[Records from a data collection]
== == ==

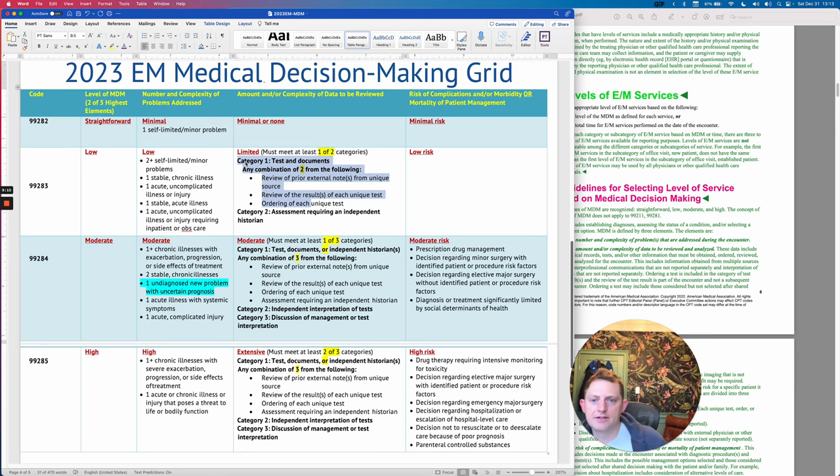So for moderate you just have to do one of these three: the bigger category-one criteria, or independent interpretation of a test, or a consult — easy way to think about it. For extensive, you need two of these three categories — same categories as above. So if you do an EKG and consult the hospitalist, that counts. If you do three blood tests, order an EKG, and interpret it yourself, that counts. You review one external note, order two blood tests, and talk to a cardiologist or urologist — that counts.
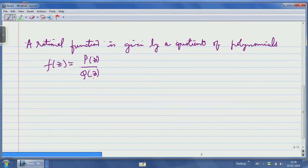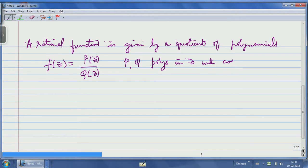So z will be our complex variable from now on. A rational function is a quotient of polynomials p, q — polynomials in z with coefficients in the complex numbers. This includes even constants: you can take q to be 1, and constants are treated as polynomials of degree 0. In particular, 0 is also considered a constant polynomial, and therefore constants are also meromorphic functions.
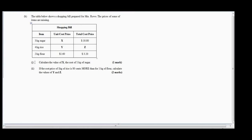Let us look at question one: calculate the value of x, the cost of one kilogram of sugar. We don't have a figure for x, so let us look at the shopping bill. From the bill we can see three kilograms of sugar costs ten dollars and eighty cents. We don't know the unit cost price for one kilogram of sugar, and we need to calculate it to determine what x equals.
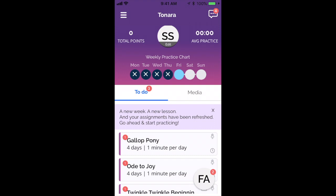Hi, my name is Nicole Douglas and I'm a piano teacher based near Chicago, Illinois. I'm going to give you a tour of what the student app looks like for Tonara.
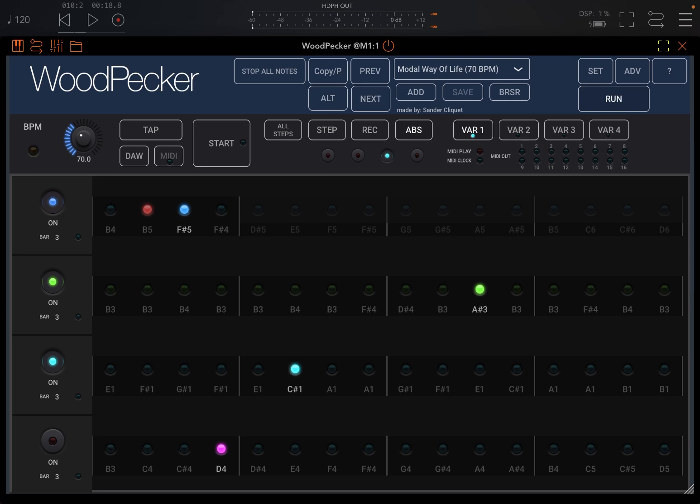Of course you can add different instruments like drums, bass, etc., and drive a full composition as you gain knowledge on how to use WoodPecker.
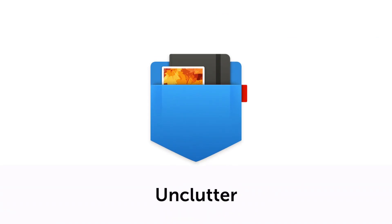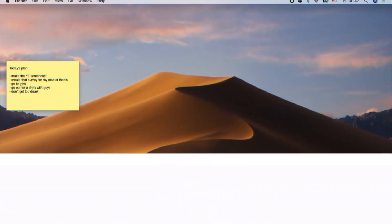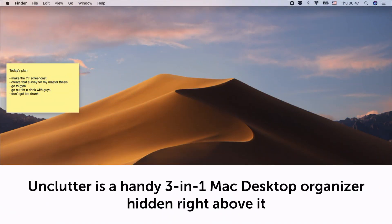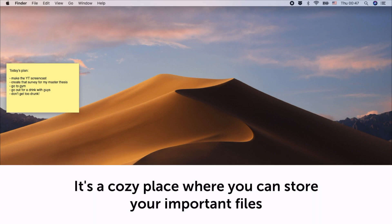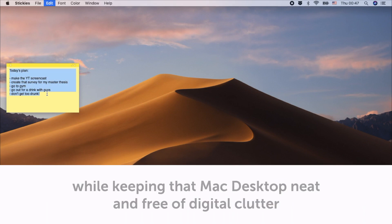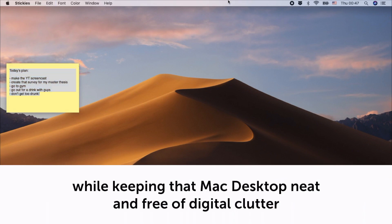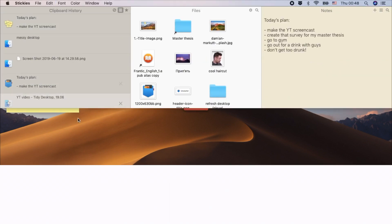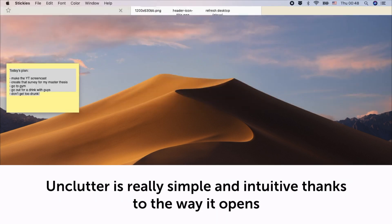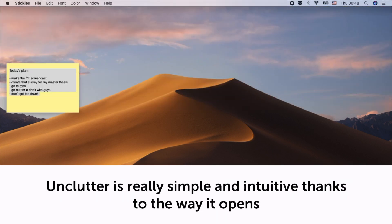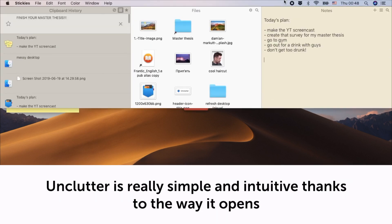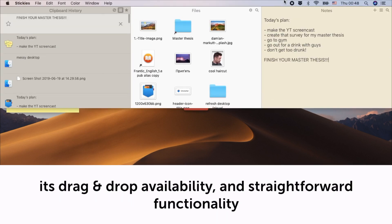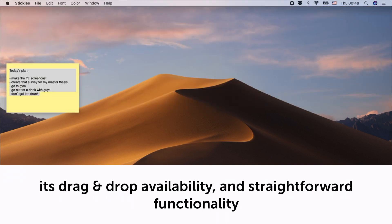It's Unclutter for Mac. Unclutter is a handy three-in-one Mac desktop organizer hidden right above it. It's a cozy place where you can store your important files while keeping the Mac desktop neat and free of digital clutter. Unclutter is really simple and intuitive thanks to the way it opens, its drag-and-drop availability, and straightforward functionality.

== == ==

◆ **Task description**
Pictures aside, every entry above must be repeated exactly.

◆ **The answer**
So for moderate you just have to do one of these three: the bigger category-one criteria, or independent interpretation of a test, or a consult — easy way to think about it. For extensive, you need two of these three categories — same categories as above. So if you do an EKG and consult the hospitalist, that counts. If you do three blood tests, order an EKG, and interpret it yourself, that counts. You review one external note, order two blood tests, and talk to a cardiologist or urologist — that counts.
So z will be our complex variable from now on. A rational function is a quotient of polynomials p, q — polynomials in z with coefficients in the complex numbers. This includes even constants: you can take q to be 1, and constants are treated as polynomials of degree 0. In particular, 0 is also considered a constant polynomial, and therefore constants are also meromorphic functions.
Let us look at question one: calculate the value of x, the cost of one kilogram of sugar. We don't have a figure for x, so let us look at the shopping bill. From the bill we can see three kilograms of sugar costs ten dollars and eighty cents. We don't know the unit cost price for one kilogram of sugar, and we need to calculate it to determine what x equals.
Hi, my name is Nicole Douglas and I'm a piano teacher based near Chicago, Illinois. I'm going to give you a tour of what the student app looks like for Tonara.
Of course you can add different instruments like drums, bass, etc., and drive a full composition as you gain knowledge on how to use WoodPecker.
It's Unclutter for Mac. Unclutter is a handy three-in-one Mac desktop organizer hidden right above it. It's a cozy place where you can store your important files while keeping the Mac desktop neat and free of digital clutter. Unclutter is really simple and intuitive thanks to the way it opens, its drag-and-drop availability, and straightforward functionality.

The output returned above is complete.